- _Task prompt_:
The lines you return must be all those in the data that hold the string "banner".

- _Source data_:
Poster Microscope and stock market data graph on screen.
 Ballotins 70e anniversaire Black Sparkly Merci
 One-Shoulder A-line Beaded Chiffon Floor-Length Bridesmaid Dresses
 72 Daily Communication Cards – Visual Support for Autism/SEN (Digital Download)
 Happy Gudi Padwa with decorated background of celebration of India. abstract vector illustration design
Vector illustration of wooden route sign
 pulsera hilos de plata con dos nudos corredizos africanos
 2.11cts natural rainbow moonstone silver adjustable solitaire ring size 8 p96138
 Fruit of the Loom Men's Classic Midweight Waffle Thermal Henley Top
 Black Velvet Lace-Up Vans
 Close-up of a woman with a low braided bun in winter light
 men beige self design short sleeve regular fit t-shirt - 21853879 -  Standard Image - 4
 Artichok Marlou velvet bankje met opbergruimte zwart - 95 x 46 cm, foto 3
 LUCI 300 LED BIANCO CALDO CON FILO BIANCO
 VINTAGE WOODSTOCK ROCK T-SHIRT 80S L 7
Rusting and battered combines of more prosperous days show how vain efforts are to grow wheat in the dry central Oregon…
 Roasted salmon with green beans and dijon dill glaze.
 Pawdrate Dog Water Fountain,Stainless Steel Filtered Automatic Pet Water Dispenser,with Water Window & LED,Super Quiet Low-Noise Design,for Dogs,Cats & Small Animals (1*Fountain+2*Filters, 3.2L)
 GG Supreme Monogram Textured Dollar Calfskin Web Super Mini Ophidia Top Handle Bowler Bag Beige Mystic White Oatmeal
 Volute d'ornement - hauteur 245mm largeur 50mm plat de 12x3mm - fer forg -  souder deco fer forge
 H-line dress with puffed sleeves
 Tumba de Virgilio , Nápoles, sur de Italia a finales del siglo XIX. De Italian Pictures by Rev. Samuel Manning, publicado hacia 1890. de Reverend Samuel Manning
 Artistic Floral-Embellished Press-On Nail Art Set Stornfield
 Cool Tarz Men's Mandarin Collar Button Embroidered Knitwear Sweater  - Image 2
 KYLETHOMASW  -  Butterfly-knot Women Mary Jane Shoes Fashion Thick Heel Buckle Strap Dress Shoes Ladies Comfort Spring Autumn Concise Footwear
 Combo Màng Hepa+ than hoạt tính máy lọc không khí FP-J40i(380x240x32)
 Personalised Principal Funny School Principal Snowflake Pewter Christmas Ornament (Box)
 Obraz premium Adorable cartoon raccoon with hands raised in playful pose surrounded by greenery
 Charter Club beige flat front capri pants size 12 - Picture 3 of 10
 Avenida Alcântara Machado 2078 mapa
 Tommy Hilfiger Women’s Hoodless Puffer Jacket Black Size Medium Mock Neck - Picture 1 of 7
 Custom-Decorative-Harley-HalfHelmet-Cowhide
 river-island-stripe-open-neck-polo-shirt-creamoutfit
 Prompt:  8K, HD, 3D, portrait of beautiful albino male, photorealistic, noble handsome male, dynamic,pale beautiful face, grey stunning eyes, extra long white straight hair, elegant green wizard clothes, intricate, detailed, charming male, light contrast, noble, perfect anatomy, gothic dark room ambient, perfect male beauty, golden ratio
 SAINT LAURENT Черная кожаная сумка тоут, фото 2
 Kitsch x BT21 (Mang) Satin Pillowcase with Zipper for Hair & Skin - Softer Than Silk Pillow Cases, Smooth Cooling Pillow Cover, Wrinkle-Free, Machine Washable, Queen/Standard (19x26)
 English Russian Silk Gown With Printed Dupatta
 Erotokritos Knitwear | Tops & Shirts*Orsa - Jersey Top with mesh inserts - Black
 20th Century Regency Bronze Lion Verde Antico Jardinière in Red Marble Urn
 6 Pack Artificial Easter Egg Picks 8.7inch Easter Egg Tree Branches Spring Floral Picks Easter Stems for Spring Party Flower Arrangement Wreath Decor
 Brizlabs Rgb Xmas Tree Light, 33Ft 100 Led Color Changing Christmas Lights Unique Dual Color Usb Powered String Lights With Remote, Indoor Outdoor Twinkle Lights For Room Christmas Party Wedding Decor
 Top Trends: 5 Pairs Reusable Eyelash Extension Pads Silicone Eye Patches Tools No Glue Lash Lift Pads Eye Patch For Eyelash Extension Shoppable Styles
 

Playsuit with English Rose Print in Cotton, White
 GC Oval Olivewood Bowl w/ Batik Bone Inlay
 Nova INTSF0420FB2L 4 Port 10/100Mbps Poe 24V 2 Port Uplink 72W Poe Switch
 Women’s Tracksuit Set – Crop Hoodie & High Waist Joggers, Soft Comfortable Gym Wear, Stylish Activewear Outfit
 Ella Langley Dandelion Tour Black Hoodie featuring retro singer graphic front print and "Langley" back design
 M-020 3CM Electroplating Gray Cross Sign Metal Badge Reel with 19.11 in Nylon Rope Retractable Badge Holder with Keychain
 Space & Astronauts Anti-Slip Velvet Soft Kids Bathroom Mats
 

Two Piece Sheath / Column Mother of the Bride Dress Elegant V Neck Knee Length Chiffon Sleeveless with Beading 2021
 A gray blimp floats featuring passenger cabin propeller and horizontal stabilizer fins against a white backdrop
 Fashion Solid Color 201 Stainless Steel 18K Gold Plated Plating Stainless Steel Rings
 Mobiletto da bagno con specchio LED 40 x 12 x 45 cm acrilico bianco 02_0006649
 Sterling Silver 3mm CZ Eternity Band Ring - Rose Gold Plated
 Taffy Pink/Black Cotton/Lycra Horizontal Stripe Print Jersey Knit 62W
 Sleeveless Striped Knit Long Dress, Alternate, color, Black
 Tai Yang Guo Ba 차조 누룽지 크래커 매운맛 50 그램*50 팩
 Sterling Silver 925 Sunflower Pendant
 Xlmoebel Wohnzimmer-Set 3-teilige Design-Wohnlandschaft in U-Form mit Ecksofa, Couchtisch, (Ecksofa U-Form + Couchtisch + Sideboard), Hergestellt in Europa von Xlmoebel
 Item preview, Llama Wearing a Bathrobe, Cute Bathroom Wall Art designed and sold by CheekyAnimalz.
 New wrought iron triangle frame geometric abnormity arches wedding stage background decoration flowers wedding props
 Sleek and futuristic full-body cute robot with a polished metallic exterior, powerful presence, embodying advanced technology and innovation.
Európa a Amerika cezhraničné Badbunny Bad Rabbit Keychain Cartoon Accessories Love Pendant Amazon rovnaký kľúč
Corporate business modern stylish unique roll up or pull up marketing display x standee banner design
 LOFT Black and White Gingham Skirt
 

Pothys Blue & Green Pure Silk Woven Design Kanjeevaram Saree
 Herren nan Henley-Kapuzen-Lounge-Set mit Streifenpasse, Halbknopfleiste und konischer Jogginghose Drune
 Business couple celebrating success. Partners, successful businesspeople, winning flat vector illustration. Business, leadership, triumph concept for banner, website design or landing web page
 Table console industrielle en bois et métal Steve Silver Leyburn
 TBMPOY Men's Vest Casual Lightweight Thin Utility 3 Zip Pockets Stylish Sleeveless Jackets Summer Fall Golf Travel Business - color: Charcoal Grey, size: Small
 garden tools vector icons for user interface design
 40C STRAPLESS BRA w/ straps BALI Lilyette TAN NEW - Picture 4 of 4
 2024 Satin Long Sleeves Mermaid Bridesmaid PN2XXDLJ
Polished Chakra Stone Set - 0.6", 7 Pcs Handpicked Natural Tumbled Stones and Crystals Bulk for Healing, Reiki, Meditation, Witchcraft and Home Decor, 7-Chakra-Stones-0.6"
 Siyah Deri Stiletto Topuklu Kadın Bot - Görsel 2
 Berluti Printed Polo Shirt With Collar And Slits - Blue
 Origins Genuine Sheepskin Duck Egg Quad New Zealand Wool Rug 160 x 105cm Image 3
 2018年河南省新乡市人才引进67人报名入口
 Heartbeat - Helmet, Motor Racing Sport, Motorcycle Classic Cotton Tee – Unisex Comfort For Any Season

- _Answer area_:
Corporate business modern stylish unique roll up or pull up marketing display x standee banner design
 Business couple celebrating success. Partners, successful businesspeople, winning flat vector illustration. Business, leadership, triumph concept for banner, website design or landing web page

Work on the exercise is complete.